In what many will call a miscalculation, Hou’s as uninterested in plot or character as he is in action, at least in any conventional sense. In a movie that might have been more aptly titled Crouching Tiger, Hidden Plot, it will take a collective effort of multiple people with multiple disciplines to piece the story together. Required is a Sherlockian postmortem just to put together the most basic elements of the plot, which is an exhausting and abrasive as it sounds. In both the materials given to the press and in interviews, Hou criticized Hollywood for its reliance on exposition, and does nothing if not rebel against a cycle of explanation plaguing mainstream movies. Until nearly the end, everything having to do with the story is forced to the periphery. On the sidelines. Benched. In a movie light on dialogue to begin with, the motivations of the characters are annoyingly handled as third-act revelations.
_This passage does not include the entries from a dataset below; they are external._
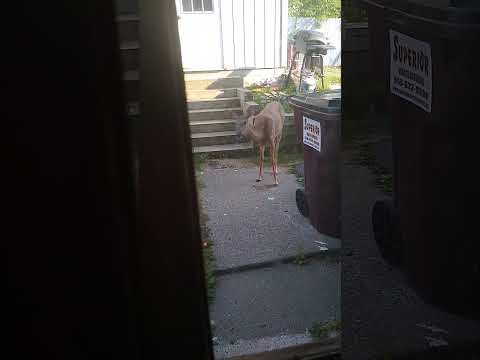 Deer visiting the back door.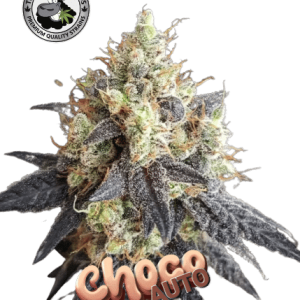CHOCO AUTO BLACK SHEEP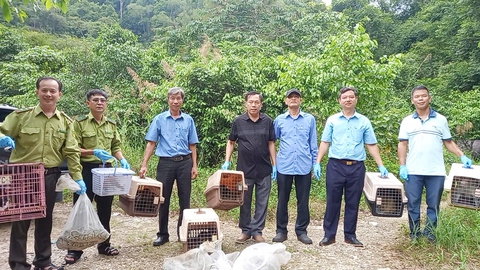 động vật hoang dã - Ảnh 1.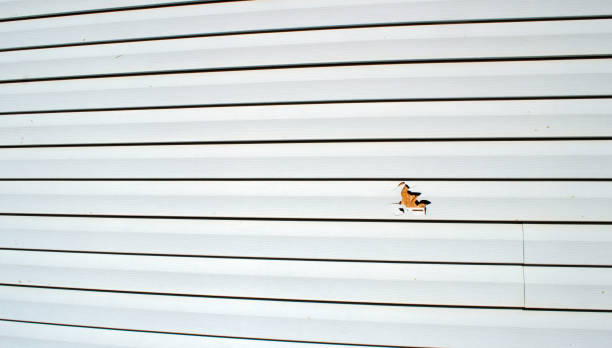 Best Aluminum Siding Installation  in New Orleans Station, LA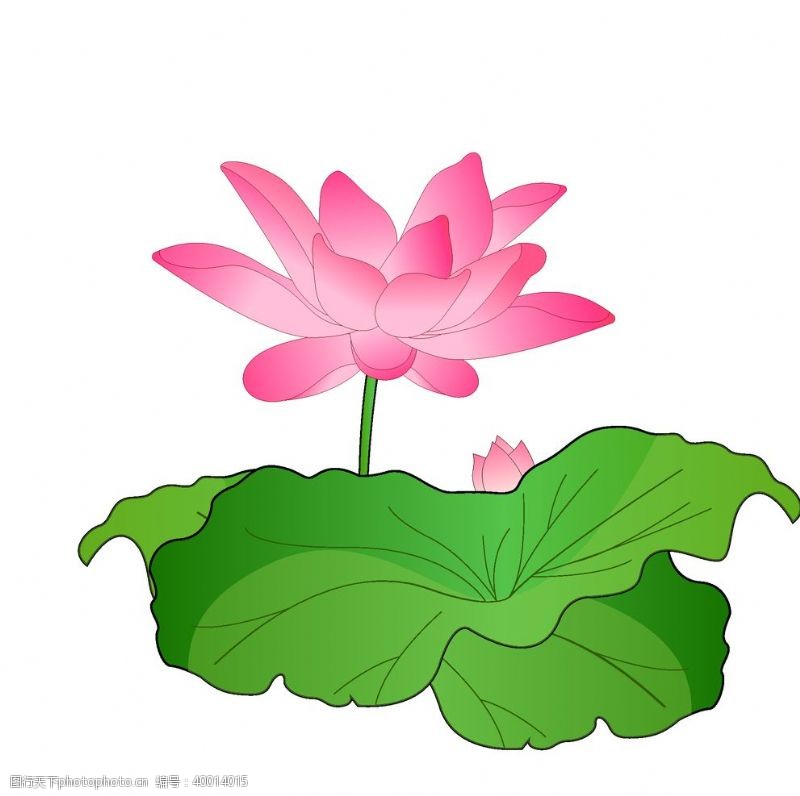 荷塘粉色的漂亮荷花插画图片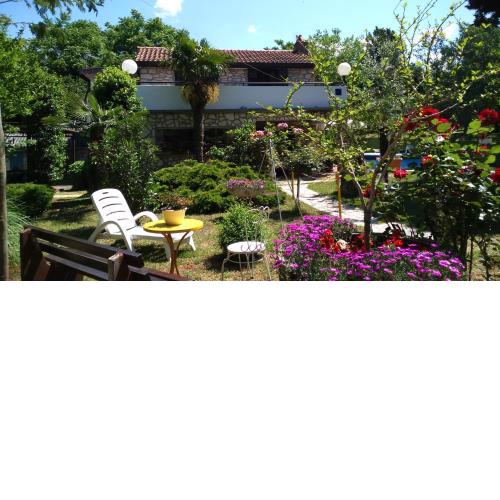 Apartments Rale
The Assassin works in reverse.
This much is clear and it’s not much: a nun abducted Princess Nie Yinniang (Shu Qi), and what once was an innocent girl now is a master assassin. Political leaders are the primary targets, revenge for the murky backstabbing that divided “the Court” of the region. In a moment of awakened humanity, she can’t complete a kill; the political leader’s son is present. As punishment and to cleanse her of compassion, she’s to target people from her past. Upon arriving, even there she waits, choosing to linger in the shadows, observing, watching, but never acting. Not until her mind is right. A lengthy town meeting discusses politics and familial issues, but in typical Hou fashion, none of that matters. What does matter is revealed as the camera delicately pans up, and up, and up to the ceiling, where Yinniang absorbs the scene below, hidden in the rafters and draped in black. Again, the temporal and spatial realism of a scene is what we’re immersed in, anything but the senseless squabbles of petty lords.
Hou hoped reversing The Assassin’s narrative info dump from front to back would spark the viewer’s imagination, chasing an audacious new form of extreme realism. A minimized plot and truncated action scenes force viewers to, on a purely psychological level, immerse themselves in the drama in a way you or I might not be used to, much less like. A masked rival assassin appears twice, and her identity is never revealed. Who is she? As we’re forced to mentally unravel these mysteries in real time, Hou pleasures your senses with transportive sights and sounds that engulf you entirely.
The Active Realism of The Assassin is a dual method attack—the sumptuous visuals, like the way rose-colored curtains move in sync with the actors on a beautiful, historically vivid set, or the sounds as Hou’s camera stares at a small trickling stream next to a castle, these are what hit you head on and not, paradoxically, the plot or the action, which come entirely from the sides and from behind. Mountains and green pastures and mist, so, so much mist, and castles, and perfectly made period costumes, are what is most immediate. They are what suck you in, and it’s what makes the rigorously detailed world a pleasant, even joyful place to occupy for two hours despite the intentionally acerbic handling of the story. It’s only in the oddly retrospective plot, one assembled in your mind’s eye as the film finishes and the hours afterwards, does the full, impossible painting of The Assassin come into view. As details join together and subtleties are accounted for, only then does the startling emotion emerge and its magnificence beyond question.